Today: how ordinary, how plain! The dawn brought in the newspaper, the alarm clock rang in sense, and the decree of doomsday was ruled when my coffee cup ran dry. The sky looked like a hermetic milk bottle―uniform and uninteresting, but mysteriously, perfectly cut.

I miss the magic of being alone. My solitary enjoyment of a long country road, curling around the rocky waist of a hill. My ascetic admiration for the wild bloom of sunflowers under the autumn sky. My sequestered joy as my thoughts echoed off the walls in my quiet hotel room. My uninterrupted indulgence in a book. No calls, no worries, no emotions to account for, no lover to complicate time, no nagging sense of obligation for this or that to get done.

'I am a hedonist,' I told CH. We were sitting out in the balcony of my hotel room. The sleepy little German town of Ingolstadt was bathed with the milkglow of the moon, presently and pleasantly strung like a Christmas ornament behind the dome-roof of the old church.

He jabbed me gently, smiling. 'You tease. You know I would not know this word.'

'It means―pleasure-seeker. Bon vivant, some say.' I found his easy companionship a perfect way to round off my week-long jaunt overseas. The balmy autumn air, spiced with his cologne and my sleepy contentment, was an epicure for my overwrought senses.

'The French has a word for everything,' he said, with disingenuity, a boy suddenly, that ageless youth bright with candor in his eyes.

'Especially for pleasure,' I replied, grinning.

He caught my grin and gave me that slow, sweet smile―an accidental Adonis, always. I liked that he did not attempt intimacy―not physically anyway. We sat and nursed our weissbier, indulging in the stillness of the night, and indulging, still, in our unhurried conversations.

'We don't say goodbye,' he said, hours later. The dawn was diagraming our separation.

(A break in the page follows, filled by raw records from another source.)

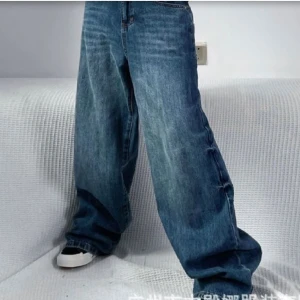 Baggy Jeans - On ne versus on the site. Good quality. Nice fit. The size measurements aren't exactly the same.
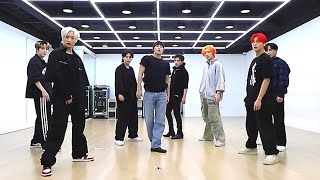 ATEEZ - 'HALAZIA' Dance Practice MIRRORED Resimi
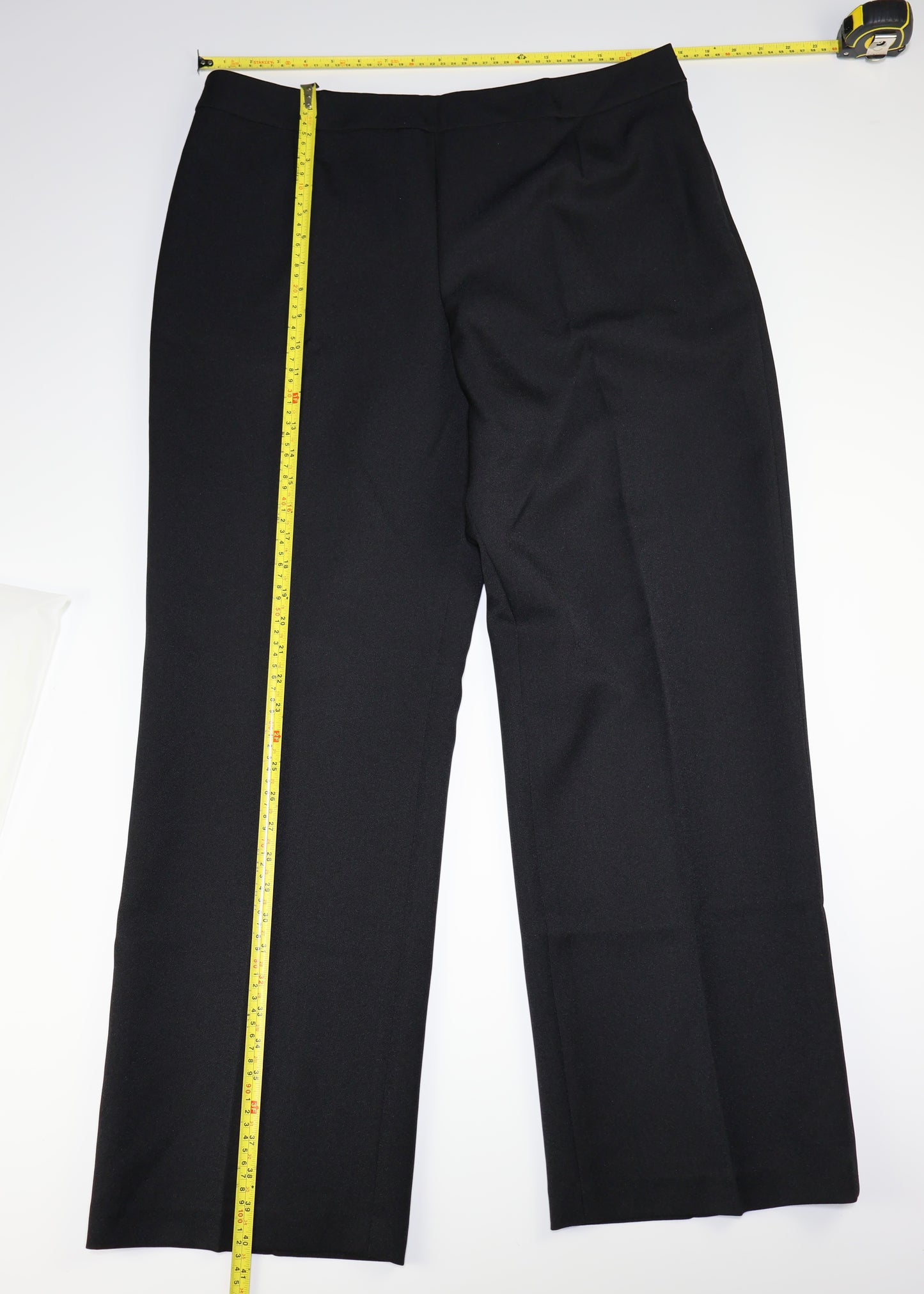 PANTALÓN DE VESTIR RECTO CLÁSICO NEGRO DE CORTE SASTRERO | SUIT STUDIO | TALLA 14P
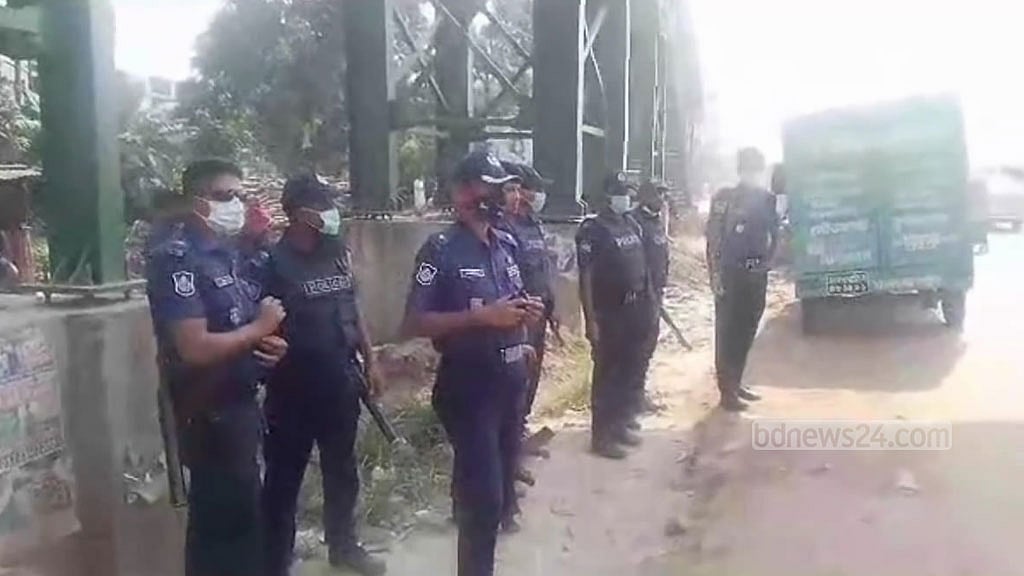 বিএনপির সমাবেশ: ঢাকার প্রবেশপথে সাভারে পুলিশের তল্লাশি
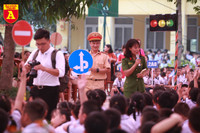 Học sinh Hà Nội thích thú khi được thực hành kiến thức an toàn giao thông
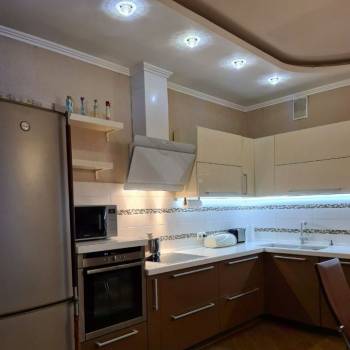 Продается 1-комнатная квартира, 154 м²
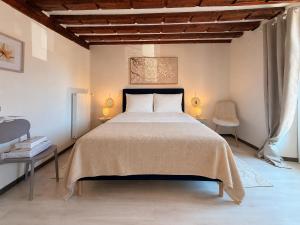 a bedroom with a large bed and two lamps at Maison HELIOS - Eguisheim in Eguisheim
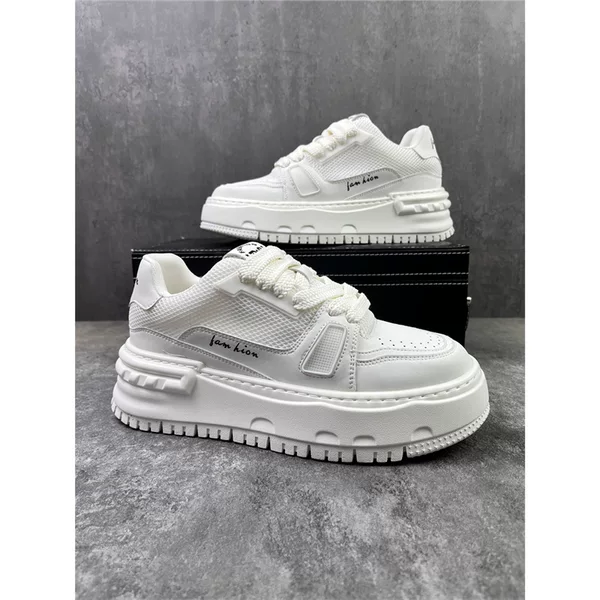 European Station Men's Shoes 2025 Spring New Fashionable Thick Sole White Shoes Men's All-match Light Luxury Casual Sneakers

'We don't say goodbye,' I agreed.

The sun surged with fierceness after he left, and I got dressed quickly, absent-mindedly, for work. I was early for my guest―the elderly journalist would not join me for breakfast. So I returned to the magic of being alone; I sat out in the windy courtyard, with the table laid out for one. The butter yielded to the warmth of the freshly baked breads, and the coffee aroma gathered around me like tiny angels, chattering. I relished everything, but most of all―I relished the freedom of being free.

'You look very happy,' remarked a colleague at the headquarters later.

I squinted into the distance, watching the bluebell sky. 'Must be the weather,' I remarked.

The trip ended. I'm leaving for another one tonight, a shorter one, back to China. Another spell of solitude, another interlude, another access to freedom. Selfish as this may seem―I'm already smiling.

Genau, liebe: den Mutigen gehört die Welt.